When you first start out as a designer the goal is to design something big, REALLY BIG. A 6-sheet poster that decorates the high-street, or a 96-sheet billboard that is longer than a bus...
But what about designing something big that can be seen up-close and personal? Art that not only has a visual purpose, but has a third dimension and has a physical presence. At the end of 2017, I got the opportunity to do just that with our Client, Dale Farm, and their sponsorship of the Peter Pan pantomime at the Grand Opera House in Belfast City Centre.
The task? To design a concept that would translate elements of the Peter Pan story, but also advertise Dale Farm and their products in a fun and friendly manner, around the physical space in the main foyer. This included the stairs, the merchandise stand, as well as the large confectionary stand and the partitions that surround it.
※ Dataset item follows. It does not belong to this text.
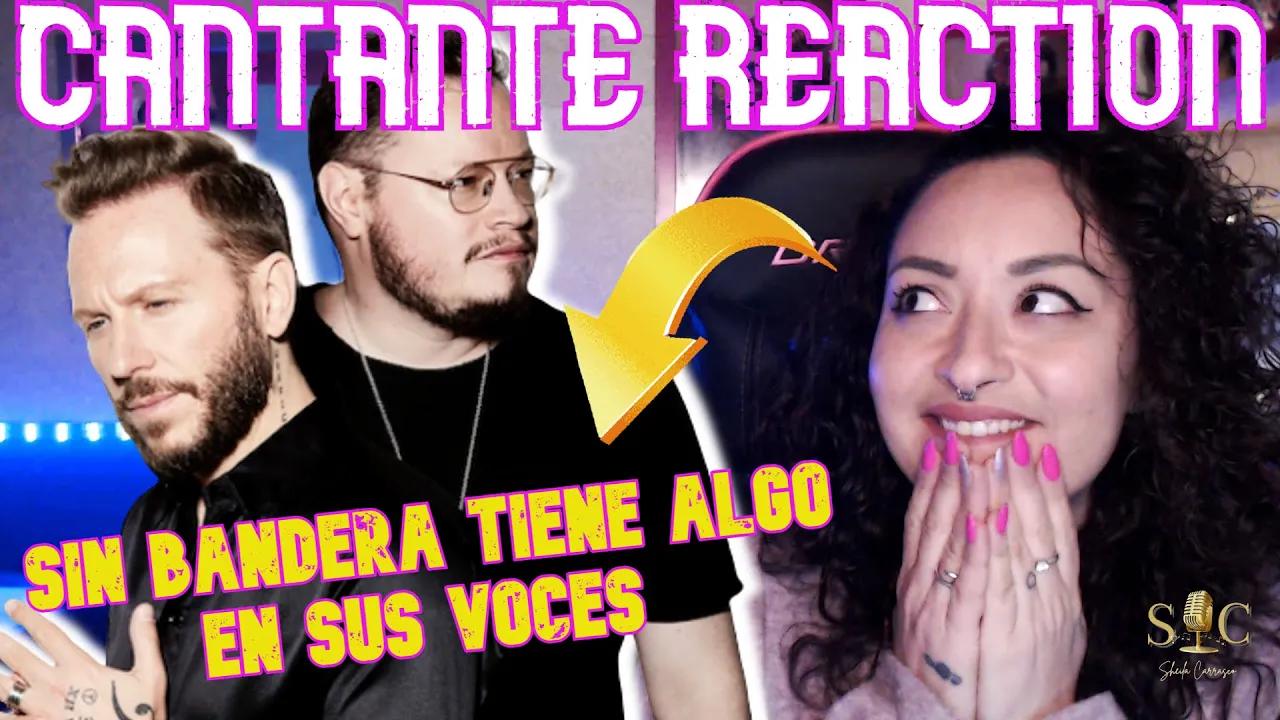 SIN BANDERA❤️ENTRA EN MI VIDA❤️PRIMERA FILA ACÚSTICO || cantante ESPAÑOLA REACTION & analysis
My initial thoughts were to use the Neverland island and a seascape scene as the visual and the client then added the idea of turning the confectionary stand into Captain Hook’s ship.
Once we had a concept agreed, we arranged a site visit to discuss bringing my design to life. It’s difficult to know how practical the design would be without seeing the location in the flesh, from all angles. We were fortunate to work with BlackSheep on this project and with their years of experience, they had the knowledge of what would work best for what we required.
There was a lot to learn from this project. It was the first time I’d used Pythagoras' Theorem since studying GCSE maths over a decade ago, which proved vital in ensuring that the design aligned around the corners as you can see below.
There is always a buzz around seeing your design printed and in full use, regardless of what form of media it uses. And no matter how many visual mock-ups or small-scale paper replicas I made, nothing was going to compare to seeing the finished product in full use.